I think I just need to be pushed to the right formula or algorithm... Imagine you've got a "real" dice which is not an optimal one. And you want to know the confidence intervals for each result. So you rolled the dice a couple of times and get the following absolute probabilities as result:

#eyes #occurrences ------------------ 1     10 2     11 3     24 4     13 5     14 6     11 

You actually want to know weather e.g. this 24 times 3 eyes is just a random result or weather it's really more probable. If so, how much more probable is it (for sure)? So I would like to calculate a 99%-confidence interval for the probabilities.

How to calculate this? I probably know this from statistics in university, but just forgot it... so you don't need to go to much into detail. Just need the right formula/algorithm to look for...

Thanks for your help.

--- edit --- Just to make clear, why I do not just lookup "Confidence Interval" at wikipedia. I would know how to calculate everything if there would be only two cases (e.g. like a coin... 0 and 1). Then I would be able to apply the formula, but I just didn't use such statistics for some years now and just don't see the solution how to reduce the problem. I just think about taking the result in question (e.g. 3 eyes) as "p" and all other results as "\not p"; does that work?

3 Answers 3

2

Let $\{X_i\}_{i=1}^n$ be independent identically distributed die point random variables, corresponding to the output of each die trow.

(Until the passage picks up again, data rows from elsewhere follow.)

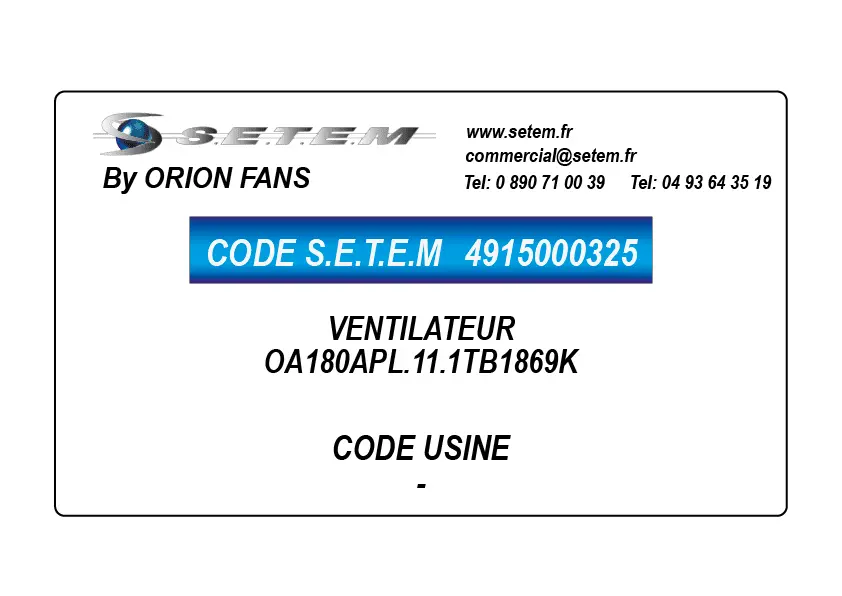 4915000325-VENTILATEUR ORION OA180APL.11.1TB1869K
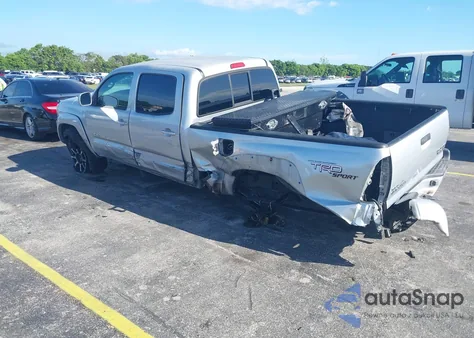 2007 Toyota Tacoma Dbl Cab Prerunner Lng Bed from USA, damaged, VIN 3TMKU72N97M012931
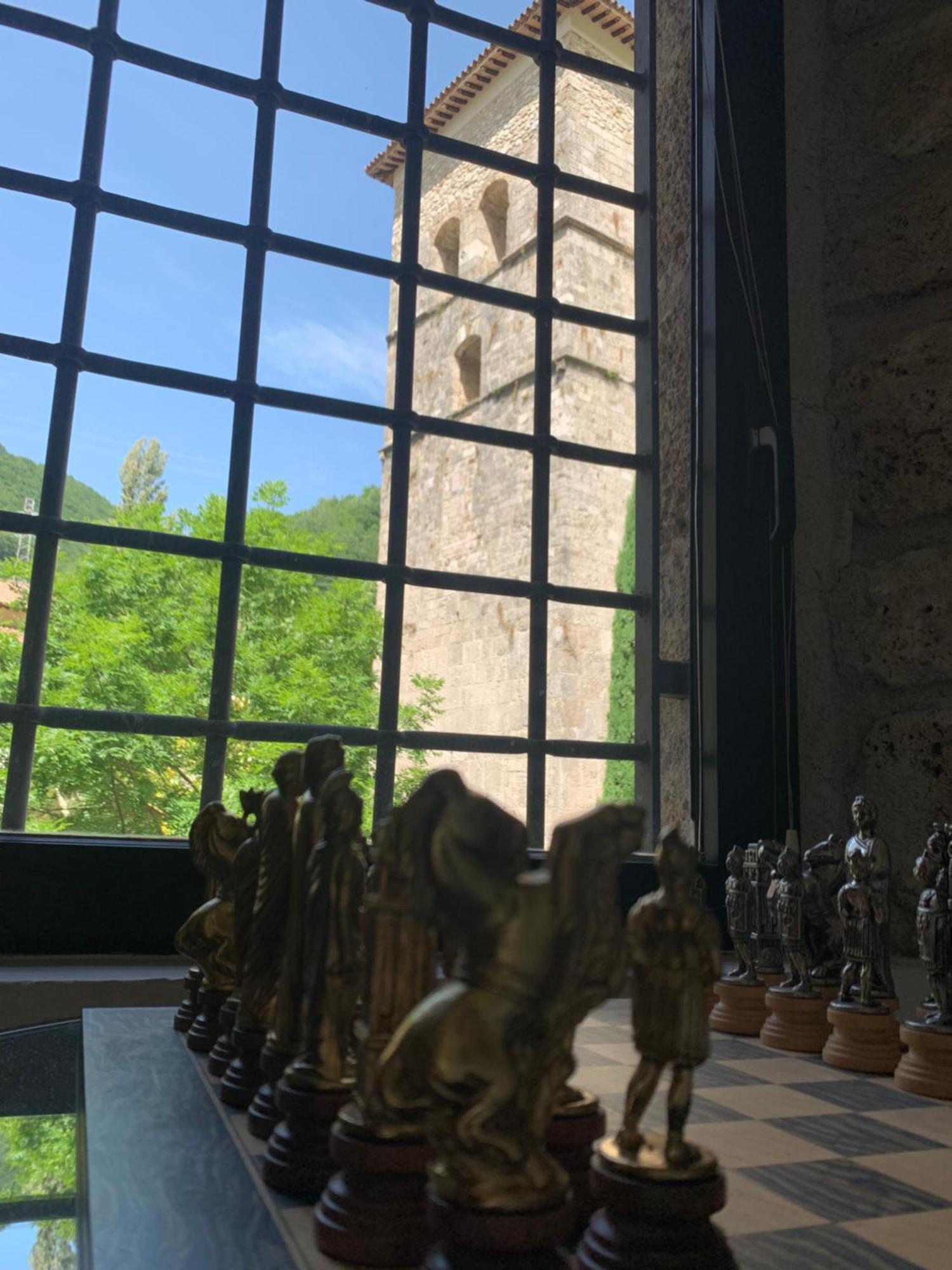 Abbazia Ss. Quirico E Giulitta Hotel Micigliano Eksteriør billede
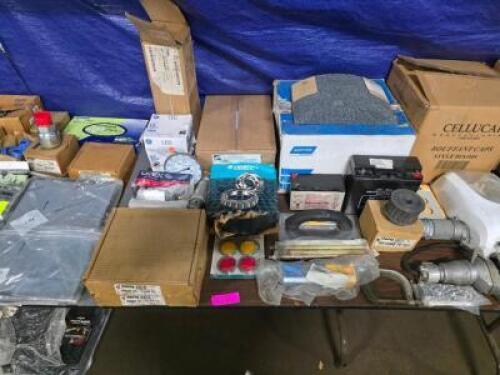 DESCRIPTION: (1) TABLE OF MISC ITEMS INFORMATION: SEE INSPECTION QTY: 1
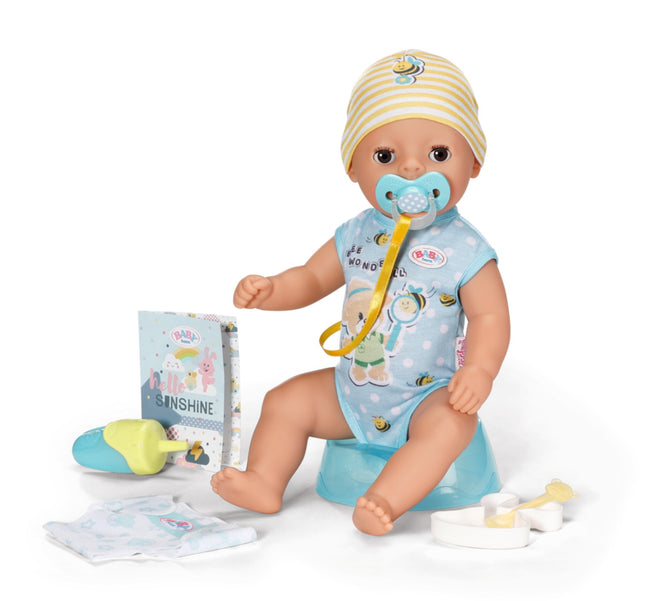Baby Born Doll Little Baby Boy, 36Cm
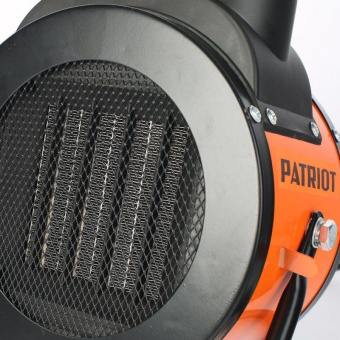 Тепловая пушка электрическая Patriot PTR 3 S оранжевый/черный от магазина РЭССИ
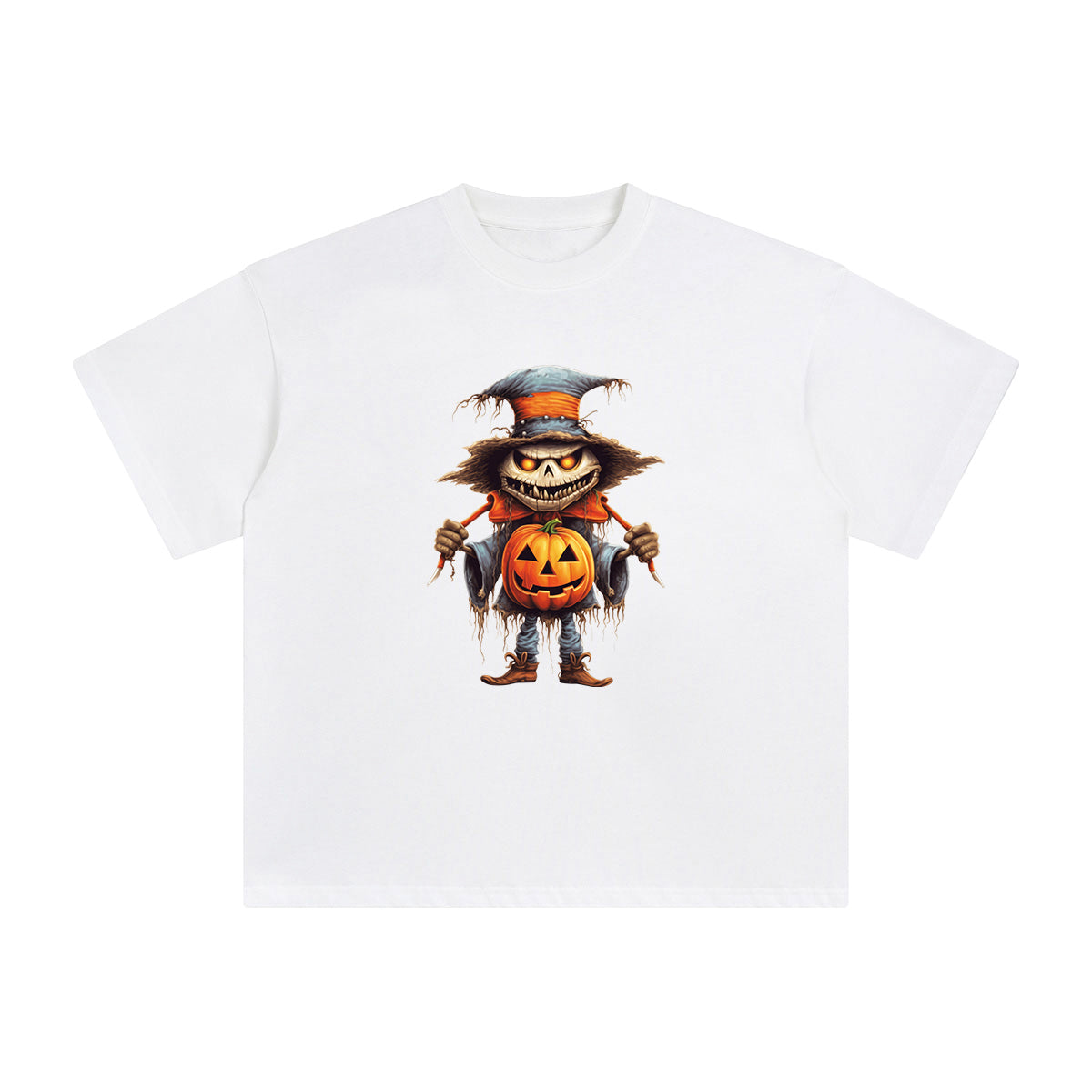 Straw Man Graphic Tee-INNBLAC Fashion Apparel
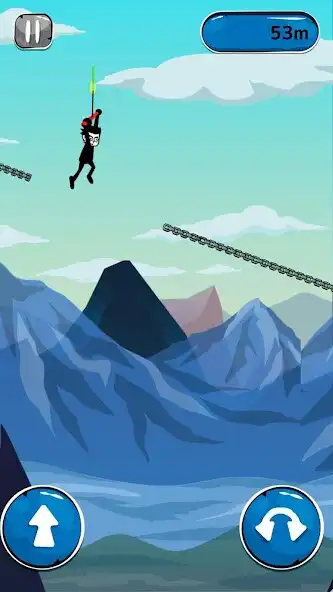 Play Flying Hero - Endless Sky as an online game Flying Hero - Endless Sky with UptoPlay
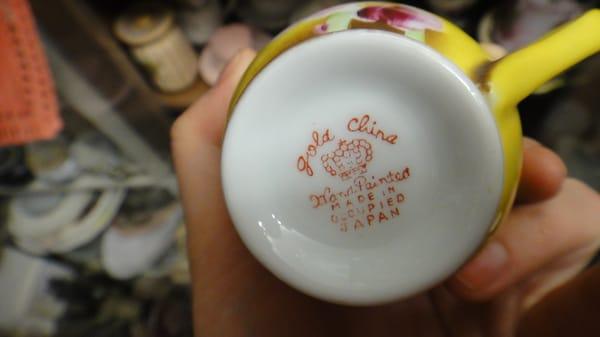 ...they really had porcelain marks that said "made in occupied japan"??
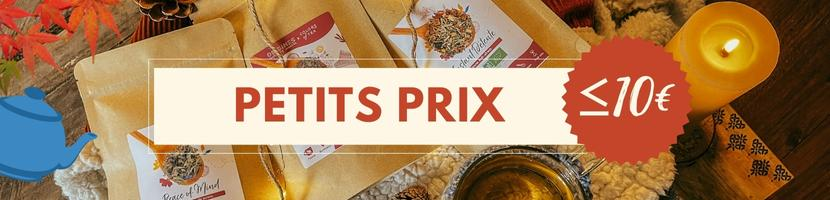 Colors of Tea • Les thés et tisanes à petit prix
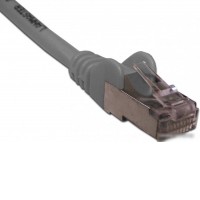 Кабель Lanmaster LAN-PC45/S6-5.0-GY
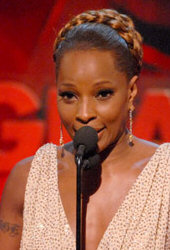 Mary J Blige - Front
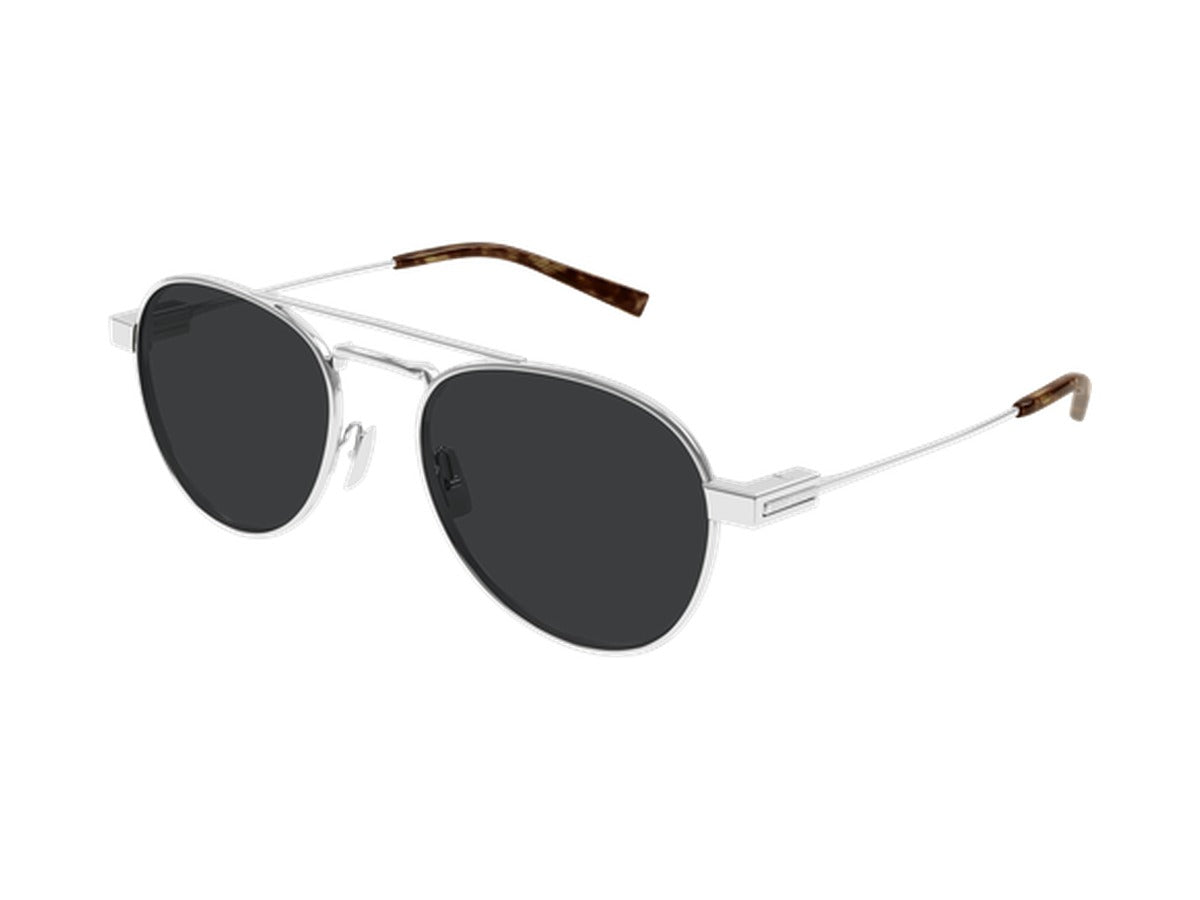 Saint Laurent SL 708-002 sunglasses - Silver / Black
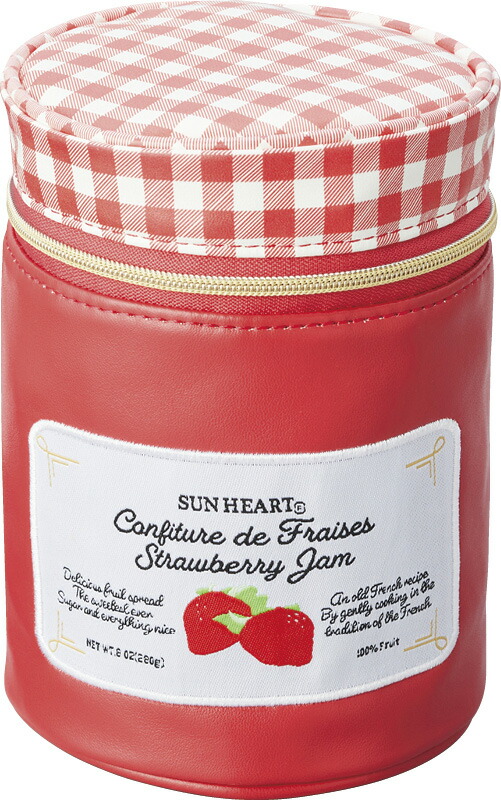 【ラッピング無料】ヤップ ストロベリージャム ポーチ 0585004700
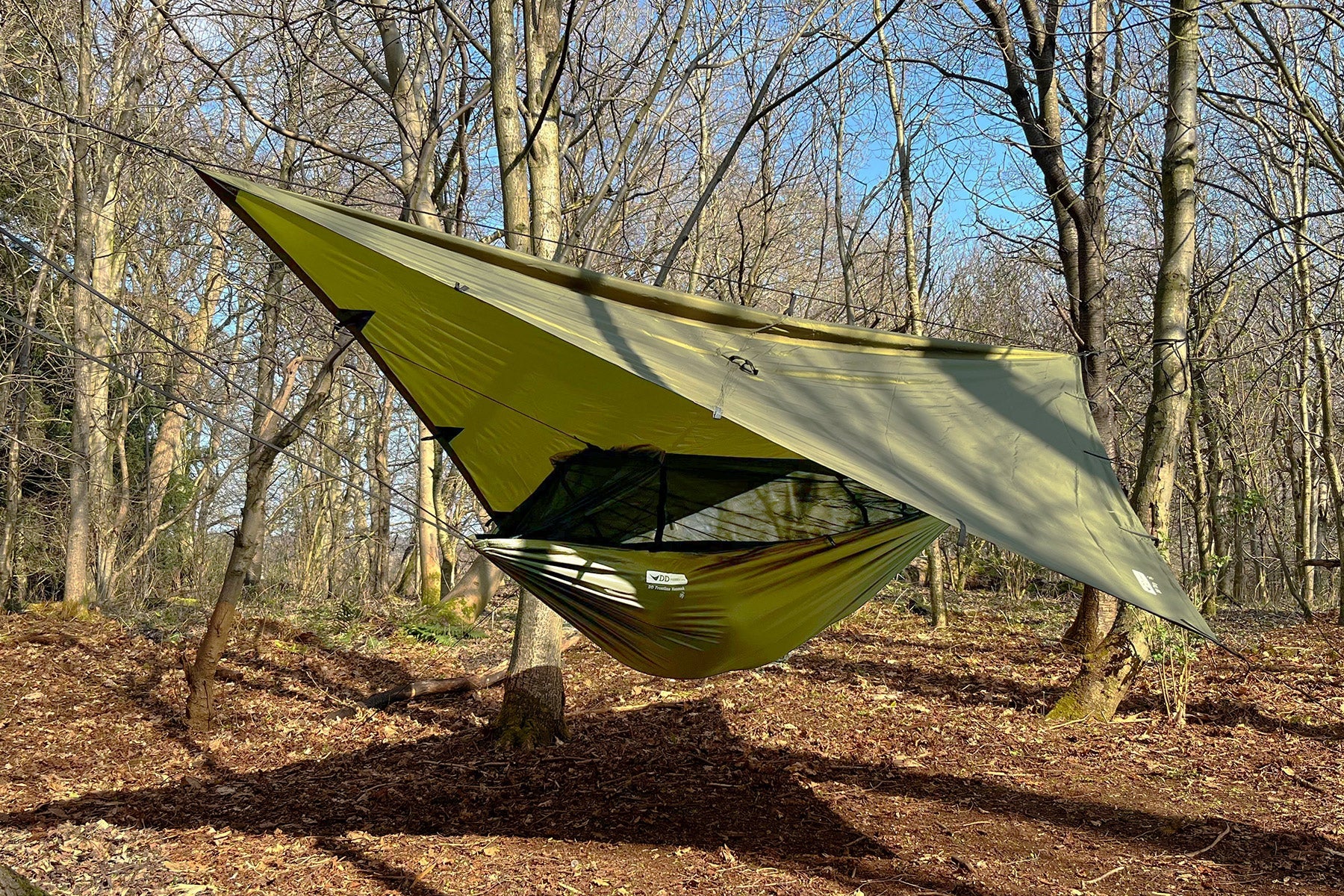 DD Hammocks Recycled - Frontline Hammock - Olive Drab - Image 2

Let $N_k = \sum_{i=1}^n [ X_i = k ]$ be the number of occurrences of score $k$.

The vector $(N_1, N_2, \ldots, N_6)$ follows a multinomial distribution $\operatorname{Mult}(n, \{p_1, p_2, \ldots, p_6\})$, where $p_1 = \mathbb{P}(X=1)$, $p_2 = \mathbb{P}(X=2)$, etc.

Consider the following statistics: $ S = \left( \frac{N_1}{n} - p_1\right)^2+\left( \frac{N_2}{n} - p_2\right)^2 + \cdots + \left( \frac{N_6}{n} - p_6\right)^2 $

For the current sample, $n=83$ and $S=0.01957$, and under the null hypothesis of a fair die, the probability $ \mathbb{P}(S > 0.01957) \approx 0.08 $ Thus the hypothesis can not be rejected at the 5% level, but can be rejected at 10% level. enter image description here

  • 0
    @StefanK. Yes assuming Sasha got 0.08 for a two-sided test you would reject at the one-sided 0.05 level.2012-08-21
5

The most common way to do this is to use binomial proportion confidence interval. Let $p$ be the probability that the dice shows 3. This probability is not known but you did an experiment where $24$ out of $83$ trials is 3. Now, your estimated $p$, i.e. $\hat{p}$, is $24/83 = 0.2892$. To get the 95% interval for this estimate, the formula is: $z_{1-\alpha/2}\sqrt{\frac{\hat{p}(1-\hat{p})}{n}}$, where $\alpha=5\%$ is the error level, $z_x$ is the $x$ percentile of the standard normal distribution. For $\alpha=5\%$, $z_{1-\alpha/2}=1.96$. And $n$ is the number of trials.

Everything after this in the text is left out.